Since the turn of the last century, the term “Middle East,” which
was coined in the West, has existed more as a subject for discussion
and study than a geographical area. Bidoun Library is an attempt to
survey this territory through its printed matter. Books, magazines
and other materials are treated as objects in which complex and
historical facts and ambitions meet. They are not amongst the most
representative or refined objects from the Middle East—they are
cheaper and more perishable. Bidoun Library acquires a new form
everywhere it stops.
January 12 – June 30, 2012
The Bidoun Library opens on January 12th at Tensta Konsthall’s new
space in Sweden. The Library is a long-term project surveying the
territory of the Middle East through its printed matter —objects
in which complex and historical facts and ambitions meet.

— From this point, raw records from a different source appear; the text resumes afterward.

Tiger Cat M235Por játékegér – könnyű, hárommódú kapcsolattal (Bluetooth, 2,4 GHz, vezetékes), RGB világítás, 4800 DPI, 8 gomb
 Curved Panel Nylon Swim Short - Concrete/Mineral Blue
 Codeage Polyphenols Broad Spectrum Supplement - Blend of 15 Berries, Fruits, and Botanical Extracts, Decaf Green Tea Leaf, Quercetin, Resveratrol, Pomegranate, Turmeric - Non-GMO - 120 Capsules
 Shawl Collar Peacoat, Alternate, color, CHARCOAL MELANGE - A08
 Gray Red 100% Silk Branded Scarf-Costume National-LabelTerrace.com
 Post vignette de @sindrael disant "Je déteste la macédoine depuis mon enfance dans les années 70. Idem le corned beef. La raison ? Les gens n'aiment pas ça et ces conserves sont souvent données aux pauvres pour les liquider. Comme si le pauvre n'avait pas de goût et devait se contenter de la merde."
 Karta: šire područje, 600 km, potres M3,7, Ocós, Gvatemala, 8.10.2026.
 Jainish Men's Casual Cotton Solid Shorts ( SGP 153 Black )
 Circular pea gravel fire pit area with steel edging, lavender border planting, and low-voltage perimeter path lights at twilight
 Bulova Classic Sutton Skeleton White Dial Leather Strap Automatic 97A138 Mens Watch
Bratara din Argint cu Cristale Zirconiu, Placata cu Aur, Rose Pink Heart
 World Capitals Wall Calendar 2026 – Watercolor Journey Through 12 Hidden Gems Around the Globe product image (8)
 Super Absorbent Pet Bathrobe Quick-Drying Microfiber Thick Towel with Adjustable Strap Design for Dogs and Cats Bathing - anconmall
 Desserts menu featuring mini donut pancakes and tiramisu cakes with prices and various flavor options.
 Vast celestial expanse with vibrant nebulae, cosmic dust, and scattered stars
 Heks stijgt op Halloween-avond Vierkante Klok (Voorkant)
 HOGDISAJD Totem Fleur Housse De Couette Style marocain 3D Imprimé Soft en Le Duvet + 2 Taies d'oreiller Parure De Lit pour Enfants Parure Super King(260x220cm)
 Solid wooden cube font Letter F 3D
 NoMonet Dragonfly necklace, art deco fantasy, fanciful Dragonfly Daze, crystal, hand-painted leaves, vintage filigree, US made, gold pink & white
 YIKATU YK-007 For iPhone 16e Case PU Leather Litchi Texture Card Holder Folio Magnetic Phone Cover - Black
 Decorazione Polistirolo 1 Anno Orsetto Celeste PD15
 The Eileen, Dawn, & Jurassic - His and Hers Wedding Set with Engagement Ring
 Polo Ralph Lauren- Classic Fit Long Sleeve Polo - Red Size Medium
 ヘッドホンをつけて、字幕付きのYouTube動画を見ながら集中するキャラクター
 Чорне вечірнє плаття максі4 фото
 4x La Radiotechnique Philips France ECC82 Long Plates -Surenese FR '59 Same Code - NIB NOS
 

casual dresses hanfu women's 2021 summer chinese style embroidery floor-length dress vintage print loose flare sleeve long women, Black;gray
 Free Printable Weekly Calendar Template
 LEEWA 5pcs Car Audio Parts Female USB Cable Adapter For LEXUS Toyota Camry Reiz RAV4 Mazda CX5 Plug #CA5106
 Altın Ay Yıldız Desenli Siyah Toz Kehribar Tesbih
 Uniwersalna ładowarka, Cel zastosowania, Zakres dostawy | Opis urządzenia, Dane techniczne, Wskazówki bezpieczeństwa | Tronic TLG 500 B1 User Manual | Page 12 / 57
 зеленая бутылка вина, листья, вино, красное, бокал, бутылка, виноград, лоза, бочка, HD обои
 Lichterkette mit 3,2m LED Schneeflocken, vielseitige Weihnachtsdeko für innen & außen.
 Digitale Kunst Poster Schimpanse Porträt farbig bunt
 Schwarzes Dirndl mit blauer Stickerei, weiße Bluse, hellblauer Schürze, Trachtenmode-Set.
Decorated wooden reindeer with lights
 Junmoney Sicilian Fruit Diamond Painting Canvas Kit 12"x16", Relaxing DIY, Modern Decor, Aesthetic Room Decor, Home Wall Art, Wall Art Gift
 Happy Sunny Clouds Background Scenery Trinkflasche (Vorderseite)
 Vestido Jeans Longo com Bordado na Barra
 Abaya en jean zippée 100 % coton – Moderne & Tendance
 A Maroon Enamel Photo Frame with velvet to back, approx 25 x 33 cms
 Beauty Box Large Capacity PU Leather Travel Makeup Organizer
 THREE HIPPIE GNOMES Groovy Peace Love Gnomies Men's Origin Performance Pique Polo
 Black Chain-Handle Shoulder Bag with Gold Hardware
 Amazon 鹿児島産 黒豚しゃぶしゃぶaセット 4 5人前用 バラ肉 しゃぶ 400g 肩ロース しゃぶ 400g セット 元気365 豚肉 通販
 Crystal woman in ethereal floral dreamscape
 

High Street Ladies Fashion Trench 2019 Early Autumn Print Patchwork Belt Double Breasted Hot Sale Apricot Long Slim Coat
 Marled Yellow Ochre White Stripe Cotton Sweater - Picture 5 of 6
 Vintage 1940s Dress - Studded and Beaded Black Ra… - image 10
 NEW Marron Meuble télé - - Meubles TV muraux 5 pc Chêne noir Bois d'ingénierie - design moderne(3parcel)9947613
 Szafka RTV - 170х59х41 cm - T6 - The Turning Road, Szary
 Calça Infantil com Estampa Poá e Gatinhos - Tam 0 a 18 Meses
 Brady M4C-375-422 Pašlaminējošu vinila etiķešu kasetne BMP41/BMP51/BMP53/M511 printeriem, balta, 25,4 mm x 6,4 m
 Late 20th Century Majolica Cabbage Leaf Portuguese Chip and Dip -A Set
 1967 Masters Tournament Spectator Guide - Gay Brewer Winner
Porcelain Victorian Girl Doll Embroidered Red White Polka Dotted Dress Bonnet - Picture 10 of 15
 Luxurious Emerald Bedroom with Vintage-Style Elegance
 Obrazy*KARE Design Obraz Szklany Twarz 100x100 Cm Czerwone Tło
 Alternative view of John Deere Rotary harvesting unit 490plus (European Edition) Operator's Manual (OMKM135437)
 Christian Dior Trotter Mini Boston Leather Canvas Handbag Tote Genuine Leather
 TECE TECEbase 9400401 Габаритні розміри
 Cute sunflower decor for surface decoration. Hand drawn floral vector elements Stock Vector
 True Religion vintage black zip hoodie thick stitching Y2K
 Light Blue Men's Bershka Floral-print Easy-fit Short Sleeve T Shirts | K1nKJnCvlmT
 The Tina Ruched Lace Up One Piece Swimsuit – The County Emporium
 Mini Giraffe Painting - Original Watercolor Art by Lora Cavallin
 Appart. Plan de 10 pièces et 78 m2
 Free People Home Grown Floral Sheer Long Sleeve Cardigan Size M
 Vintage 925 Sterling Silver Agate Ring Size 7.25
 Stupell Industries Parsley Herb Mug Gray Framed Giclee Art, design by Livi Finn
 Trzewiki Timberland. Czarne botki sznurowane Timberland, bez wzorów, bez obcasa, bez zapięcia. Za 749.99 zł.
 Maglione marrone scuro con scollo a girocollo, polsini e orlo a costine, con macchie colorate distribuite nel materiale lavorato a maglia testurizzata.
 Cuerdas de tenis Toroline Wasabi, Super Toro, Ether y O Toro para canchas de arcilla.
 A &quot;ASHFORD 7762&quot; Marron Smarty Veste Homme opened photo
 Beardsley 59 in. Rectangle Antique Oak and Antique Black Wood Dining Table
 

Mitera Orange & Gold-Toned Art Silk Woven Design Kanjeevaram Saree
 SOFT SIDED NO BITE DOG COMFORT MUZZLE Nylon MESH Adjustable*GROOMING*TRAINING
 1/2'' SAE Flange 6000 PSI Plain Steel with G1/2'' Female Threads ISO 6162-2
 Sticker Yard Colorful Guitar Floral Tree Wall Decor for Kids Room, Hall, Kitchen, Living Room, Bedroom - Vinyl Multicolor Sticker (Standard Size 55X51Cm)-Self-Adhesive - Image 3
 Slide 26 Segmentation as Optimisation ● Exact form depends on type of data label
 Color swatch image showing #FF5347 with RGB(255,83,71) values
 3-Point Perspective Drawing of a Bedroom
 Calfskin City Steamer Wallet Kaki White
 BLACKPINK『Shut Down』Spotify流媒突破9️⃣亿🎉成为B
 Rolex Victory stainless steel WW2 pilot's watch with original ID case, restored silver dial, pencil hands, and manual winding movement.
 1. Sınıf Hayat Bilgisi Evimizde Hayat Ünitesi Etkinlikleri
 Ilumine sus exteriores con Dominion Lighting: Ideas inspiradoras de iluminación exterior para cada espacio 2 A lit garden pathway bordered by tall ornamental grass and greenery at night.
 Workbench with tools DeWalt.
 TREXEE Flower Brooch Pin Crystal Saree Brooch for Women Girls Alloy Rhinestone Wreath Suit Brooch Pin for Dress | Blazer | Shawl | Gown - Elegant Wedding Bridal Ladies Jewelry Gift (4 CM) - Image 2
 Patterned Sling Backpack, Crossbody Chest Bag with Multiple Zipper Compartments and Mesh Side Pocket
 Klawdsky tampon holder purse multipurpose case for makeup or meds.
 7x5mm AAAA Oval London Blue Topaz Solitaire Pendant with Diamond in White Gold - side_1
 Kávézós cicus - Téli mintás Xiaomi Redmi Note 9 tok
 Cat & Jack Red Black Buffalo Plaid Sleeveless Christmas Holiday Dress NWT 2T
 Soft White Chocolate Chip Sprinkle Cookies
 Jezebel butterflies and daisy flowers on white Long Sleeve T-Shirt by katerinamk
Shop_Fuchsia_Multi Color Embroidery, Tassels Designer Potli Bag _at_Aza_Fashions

July 12 – September 17, 2011
While in London, the Library addressed two pivotal world events,
each of which has launched thousands of cheap publications onto
the market: the revolution in Egypt and the de-accessioning of
British public libraries. To coincide with the production of
Bidoun magazine’s summer issue, the Library has attempted to
collect every book printed, and every newspaper and periodical
founded, since the Egyptian revolution of 25th January 2011 — from
cheap novellas about the last days of Hosni Mubarak, to teen
magazines and previously-banned political treatises. This
material, along with publications found in London during Bidoun’s
residency on the Edgware Road, were placed amongst the Library’s
eclectic catalogue of comic books, children’s films and political
treatises.
A series of public talks, screenings, and a shaabi Egyptian dance
party/wedding in the Serpentine Pavilion were also held through
Bidoun’s residency. Speakers included Hisham Matar, Nawal El
Saadawi, Ahdaf Soueif, Sonallah Ibrahim, Slavs and Tatars, and
more.
October 12 – November 24, 2010
From October 12th to November 24th, the Bidoun Library and Project
Space were hosted by the Townhouse Gallery in Cairo.
Contemporaneous with the library was a symposium devoted to
archival practices, “Speak, Memory,” which brought together
photographer Susan Meiselas, members of the collective Pad.ma,
Claire Hsu of the Asia Art Archive, Negar Azimi and Yasmine Eid
Sabbagh of the Arab Image Foundation, Vasif Kortun of Platform
Garanti in Istanbul, and many others. As part of Bidoun’s program,
the Bidoun Library hosted talks by historian Khaled Fahmy and
curator Bassem El-Baroni, co-founder of the Alexandria
Contemporary Arts Forum and co-curator of Manifesta 8. The Bidoun
program is curated by Contributing Editor Hassan Khan.
August 4 — September 26, 2010
The Bidoun Library Project at the New Museum was a highly partial
account of five decades of printed matter in, near, about, and
around the Middle East. Arrayed along these shelves were pulp
fictions and propaganda, monographs and guidebooks, and pamphlets
and periodicals, on subjects ranging from the oil boom to the
Dubai bust, the Cold War to the hot pant, Pan-Arabs to Black
Muslims, revolutionaries to royals, and Orientalism to its
opposites.
April 17 – May 15, 2010
The third appearance of the library coincides with the launch of
98 Weeks’ new research project on avant-garde journals and popular
magazines stemming from moments of modernity in the Arab world. 98
Weeks’ collection of publications will be on permanent display at
the 98 Weeks Project Space.
The Bidoun Library had its first outing at Abu Dhabi Art (November
2009) as a collection of books, catalogs, journals, and ephemera
that trace contemporary art practices as well as the evolution of
the various art scenes of the Middle East. This peripatetic
resource then traveled to Art Dubai (March 2010).